"We're looking to see if we see any unsafe acts by anyone, and we're also at the same time, checking to see if we do happen to see a column of smoke," Lt. Jacob Holmes told ABC7 during a patrol Saturday.
It was a day of firsts for the Oakland Fire Department. It was the first Red Flag Warning of the year, the first day with the dangerous combination of low humidity and high wind, and the first day of patrols.
The fire season has officially started.
"It's very stressful. We have more people out. They're out having fun. There's more chances of fires to start with the wind and the flashy fuels we have right now," Battalion Chief Edward Kilmartin told ABC7.
"You have light fuels, medium fuels, heavy fuels," Holmes explained.

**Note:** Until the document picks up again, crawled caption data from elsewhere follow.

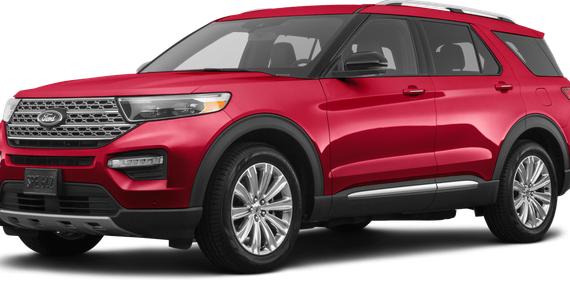 FORD EXPLORER 2021 1FMSK8FH4MGC15520 image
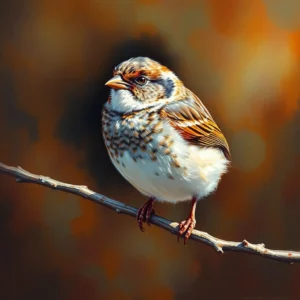 Thermal Feather Puffing
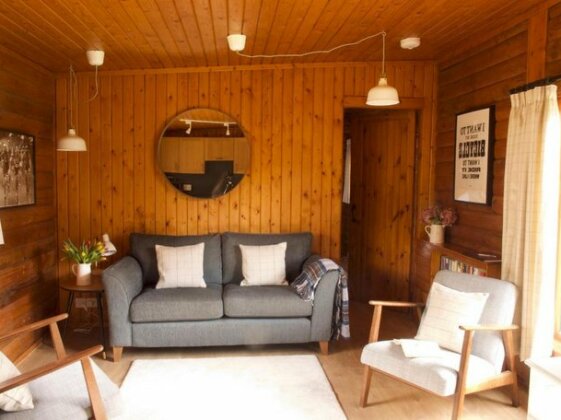 Hillside Log cabin Ardoch Lodge Strathyre - Photo2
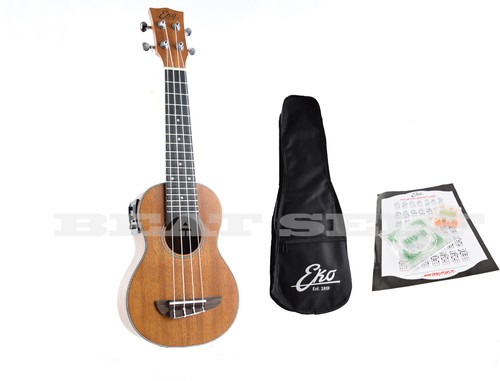 Ukulele eko soprano - ukulele,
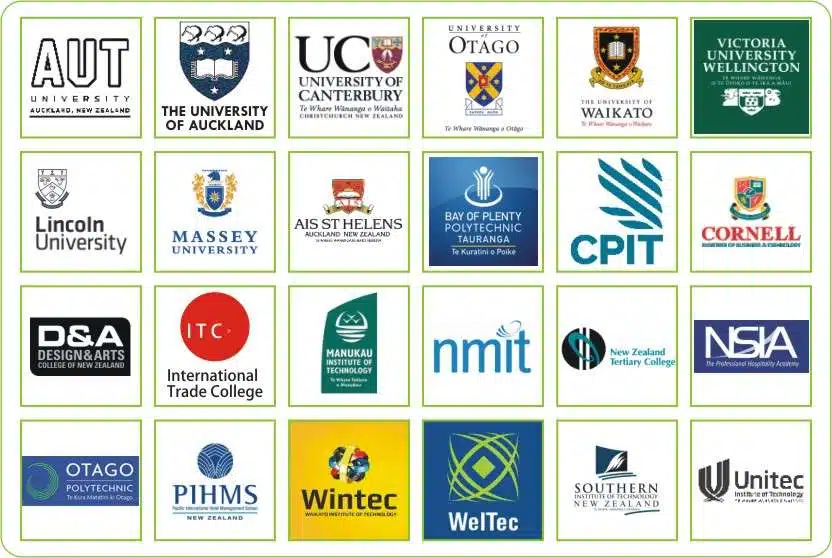 Lihat Daftar Universitas Terbaik di Selandia Baru Tahun 2025 - Education Republic List Universitas Terbaik Di New Zealand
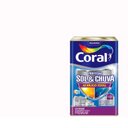 Ver imagem 1 de Tinta acrílico total fosca Sol Chuva branco 18L Coral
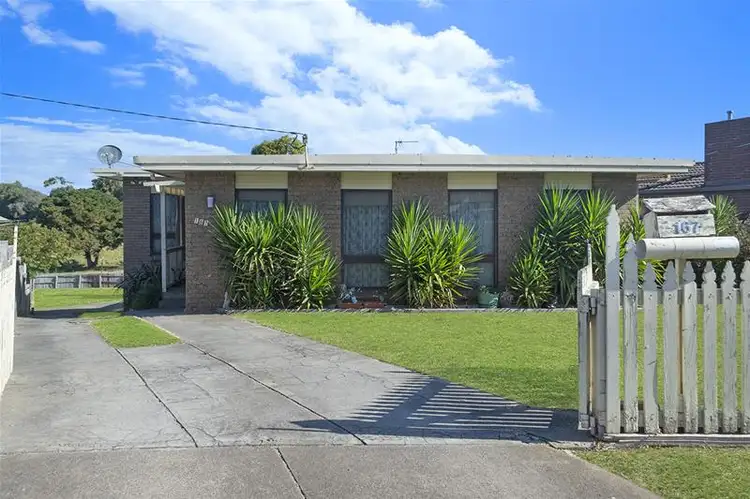 Main view of Homely house listing, 167 Drummond Street, Warrnambool VIC 3280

The mixture of vegetation and steep slopes makes the Oakland Hills prime fire territory and a challenging response area for firefighters. That is why prevention is key, keeping a good defensible space, cutting back limbs and clearing yards.

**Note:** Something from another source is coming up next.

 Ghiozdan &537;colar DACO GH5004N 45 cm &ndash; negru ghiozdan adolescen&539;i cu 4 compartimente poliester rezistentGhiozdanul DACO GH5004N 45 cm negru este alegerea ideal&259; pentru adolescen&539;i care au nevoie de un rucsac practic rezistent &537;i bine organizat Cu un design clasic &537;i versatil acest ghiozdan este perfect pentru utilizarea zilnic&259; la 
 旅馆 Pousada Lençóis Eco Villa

"Here is an example of a property being out of compliance," Holmes pointed out during a patrol. "Even though it looks like a small area, this can be more dangerous than if there was a lot of heavier, dense fuel."

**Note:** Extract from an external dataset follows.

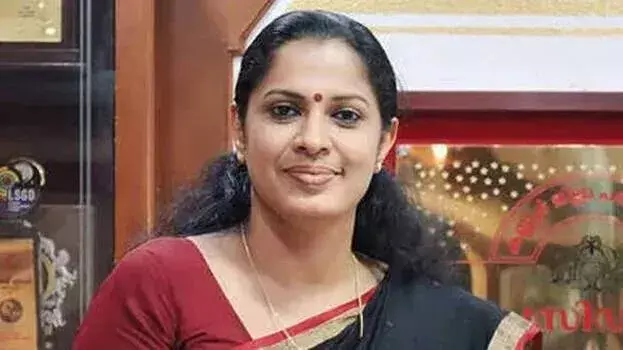 Kerala: P P Divya को AIDWA की स्टेट कमिटी से बाहर किया गया Kerala: P P Divya को AIDWA की स्टेट कमिटी से बाहर किया गया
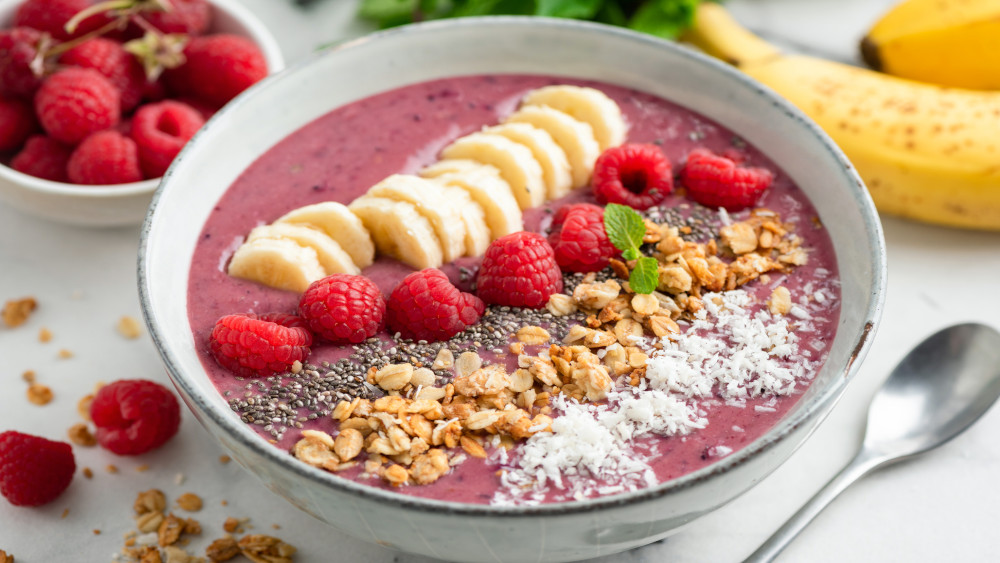 Schnelle & einfache Bowl-Rezepte | Süß und Herzhaft • Koch-Mit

Tall, dry grass helped fuel a fire Friday, at the bottom of Mount Diablo. The wild fire moved quickly, but firefighters were able to keep the flames away from homes. However, in the Oakland Hills, houses are built closer together and the risks are greater.
Homeowners are worryied about incidents like one where a neighbor recently cleared his lot but left all the shrubs on the side of the road. Some residents in the area have called the city to report the neighbor to see if vegetation management will remove some debris, but it turns out, it is the land owner's responsibility and he does not live in the area.
"I don't want to have a fire like they did 20 years ago. It makes me very nervous," neighbor Carol Lourie said. "Even though I just moved to the neighborhood, I don't want to lose my house."
Firefighters will start citing people for not clearing their land on June 15. First, homeowners will get a warning. If that gets ignored, the city will hire an outside company to clear out the land and bill the homeowner.